_Activity:_ Up to and including the line with "Kerala Arecaceae Coconut", please reproduce the lines below exactly, beginning with the first.

_Supplied data:_
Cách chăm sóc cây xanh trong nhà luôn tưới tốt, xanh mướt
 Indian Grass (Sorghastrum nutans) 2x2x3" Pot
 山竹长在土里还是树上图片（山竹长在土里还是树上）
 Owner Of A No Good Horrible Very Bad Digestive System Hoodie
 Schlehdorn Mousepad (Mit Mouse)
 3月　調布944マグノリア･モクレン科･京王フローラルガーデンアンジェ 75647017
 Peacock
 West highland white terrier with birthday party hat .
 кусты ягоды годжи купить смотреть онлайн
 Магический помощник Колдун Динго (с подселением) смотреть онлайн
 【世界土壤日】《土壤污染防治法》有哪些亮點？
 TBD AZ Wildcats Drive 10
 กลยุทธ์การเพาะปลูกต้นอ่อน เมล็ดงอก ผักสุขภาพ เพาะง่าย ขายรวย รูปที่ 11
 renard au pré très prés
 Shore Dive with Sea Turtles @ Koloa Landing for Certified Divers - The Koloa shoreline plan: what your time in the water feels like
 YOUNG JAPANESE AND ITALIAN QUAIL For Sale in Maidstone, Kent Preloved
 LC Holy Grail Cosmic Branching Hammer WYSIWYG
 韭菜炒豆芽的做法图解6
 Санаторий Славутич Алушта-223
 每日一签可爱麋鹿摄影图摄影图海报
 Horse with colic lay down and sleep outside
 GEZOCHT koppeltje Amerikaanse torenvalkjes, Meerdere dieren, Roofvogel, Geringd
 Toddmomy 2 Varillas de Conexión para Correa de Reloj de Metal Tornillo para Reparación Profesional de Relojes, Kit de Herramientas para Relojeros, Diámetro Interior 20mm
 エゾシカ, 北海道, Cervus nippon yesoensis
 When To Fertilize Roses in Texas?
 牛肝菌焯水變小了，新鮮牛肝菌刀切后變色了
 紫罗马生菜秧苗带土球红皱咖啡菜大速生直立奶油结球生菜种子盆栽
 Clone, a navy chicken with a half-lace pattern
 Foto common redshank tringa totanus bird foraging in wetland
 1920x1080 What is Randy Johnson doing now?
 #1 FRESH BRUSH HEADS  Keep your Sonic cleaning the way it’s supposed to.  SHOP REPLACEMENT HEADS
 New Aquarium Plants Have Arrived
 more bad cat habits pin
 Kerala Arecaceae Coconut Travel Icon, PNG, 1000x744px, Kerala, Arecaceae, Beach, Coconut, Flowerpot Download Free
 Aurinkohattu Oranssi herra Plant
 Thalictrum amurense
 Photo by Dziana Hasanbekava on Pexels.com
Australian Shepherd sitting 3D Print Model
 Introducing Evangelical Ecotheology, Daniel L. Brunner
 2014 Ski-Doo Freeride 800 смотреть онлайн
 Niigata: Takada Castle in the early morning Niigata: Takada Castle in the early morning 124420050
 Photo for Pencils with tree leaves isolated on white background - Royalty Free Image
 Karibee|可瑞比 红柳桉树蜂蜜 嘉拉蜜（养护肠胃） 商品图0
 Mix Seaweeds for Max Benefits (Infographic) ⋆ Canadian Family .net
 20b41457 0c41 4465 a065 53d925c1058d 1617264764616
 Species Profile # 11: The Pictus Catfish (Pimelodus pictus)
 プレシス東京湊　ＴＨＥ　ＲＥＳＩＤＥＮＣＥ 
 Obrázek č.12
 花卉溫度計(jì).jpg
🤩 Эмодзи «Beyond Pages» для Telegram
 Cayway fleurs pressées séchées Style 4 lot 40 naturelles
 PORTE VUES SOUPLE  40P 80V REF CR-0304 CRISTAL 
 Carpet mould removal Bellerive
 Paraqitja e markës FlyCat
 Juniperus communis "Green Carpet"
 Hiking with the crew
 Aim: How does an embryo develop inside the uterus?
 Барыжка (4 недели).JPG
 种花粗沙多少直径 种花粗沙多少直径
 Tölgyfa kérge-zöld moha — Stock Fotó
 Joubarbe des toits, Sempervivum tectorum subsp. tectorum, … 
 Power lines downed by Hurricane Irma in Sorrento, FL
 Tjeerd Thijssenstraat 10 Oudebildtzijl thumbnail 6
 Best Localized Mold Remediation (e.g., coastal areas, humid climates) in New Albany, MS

_Your response:_
Cách chăm sóc cây xanh trong nhà luôn tưới tốt, xanh mướt
 Indian Grass (Sorghastrum nutans) 2x2x3" Pot
 山竹长在土里还是树上图片（山竹长在土里还是树上）
 Owner Of A No Good Horrible Very Bad Digestive System Hoodie
 Schlehdorn Mousepad (Mit Mouse)
 3月　調布944マグノリア･モクレン科･京王フローラルガーデンアンジェ 75647017
 Peacock
 West highland white terrier with birthday party hat .
 кусты ягоды годжи купить смотреть онлайн
 Магический помощник Колдун Динго (с подселением) смотреть онлайн
 【世界土壤日】《土壤污染防治法》有哪些亮點？
 TBD AZ Wildcats Drive 10
 กลยุทธ์การเพาะปลูกต้นอ่อน เมล็ดงอก ผักสุขภาพ เพาะง่าย ขายรวย รูปที่ 11
 renard au pré très prés
 Shore Dive with Sea Turtles @ Koloa Landing for Certified Divers - The Koloa shoreline plan: what your time in the water feels like
 YOUNG JAPANESE AND ITALIAN QUAIL For Sale in Maidstone, Kent Preloved
 LC Holy Grail Cosmic Branching Hammer WYSIWYG
 韭菜炒豆芽的做法图解6
 Санаторий Славутич Алушта-223
 每日一签可爱麋鹿摄影图摄影图海报
 Horse with colic lay down and sleep outside
 GEZOCHT koppeltje Amerikaanse torenvalkjes, Meerdere dieren, Roofvogel, Geringd
 Toddmomy 2 Varillas de Conexión para Correa de Reloj de Metal Tornillo para Reparación Profesional de Relojes, Kit de Herramientas para Relojeros, Diámetro Interior 20mm
 エゾシカ, 北海道, Cervus nippon yesoensis
 When To Fertilize Roses in Texas?
 牛肝菌焯水變小了，新鮮牛肝菌刀切后變色了
 紫罗马生菜秧苗带土球红皱咖啡菜大速生直立奶油结球生菜种子盆栽
 Clone, a navy chicken with a half-lace pattern
 Foto common redshank tringa totanus bird foraging in wetland
 1920x1080 What is Randy Johnson doing now?
 #1 FRESH BRUSH HEADS  Keep your Sonic cleaning the way it’s supposed to.  SHOP REPLACEMENT HEADS
 New Aquarium Plants Have Arrived
 more bad cat habits pin
 Kerala Arecaceae Coconut Travel Icon, PNG, 1000x744px, Kerala, Arecaceae, Beach, Coconut, Flowerpot Download Free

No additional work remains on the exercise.